Uno degli episodi più drammatici riportati nel libro è il crollo del Rana Plaza a Dacca, nel 2013, una tragedia che costò la vita a più di 1.100 operaie tessili, e che sconvolse l’opinione pubblica internazionale. Hoskins usa questo evento come simbolo delle condizioni disumane in cui operano milioni di lavoratori dell’industria della moda. “La relazione tra l’industria della moda e la violenza è talmente stretta che non esisterebbe moda senza una violenza continua, effettiva o minacciata. Pistole piazzate sui tavoli, aggressioni a lavoratori e attivisti, uso di munizioni vere (vietate dalla legge), soprusi di carattere coloniale sul territorio e violenza sessuale endemica: tutto ciò confluisce nella violenza sistemica che permette il regolare funzionamento dei nostri sistemi politici ed economici” (p. 145).
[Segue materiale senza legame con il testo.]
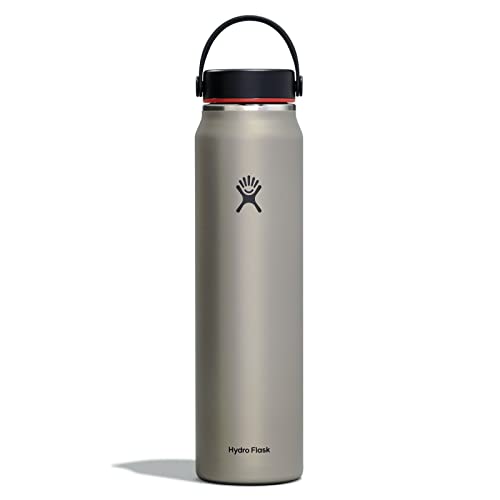 Hydro Flask Lightweight Wide Flex Cap Trinkflasche aus Edelstahl, hält das Getränk 24 Stunden kalt und 12 Stunden warm, Farbe: Slate, Volumen: 710 ml, Maße: 26 x 7 cm, LW40LW081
Fin dalle prime pagine, l’autrice chiarisce che il problema della moda non risiede solo nei brand o nel consumo dei singoli individui, ma nell’intero sistema economico che la regge. Si sottolinea come la moda, tanto quanto altri settori dell’economia, sia oggi essenzialmente un’industria globale che punta esclusivamente al profitto, ignorando le condizioni di vita di chi lavora e l’impatto ambientale della produzione.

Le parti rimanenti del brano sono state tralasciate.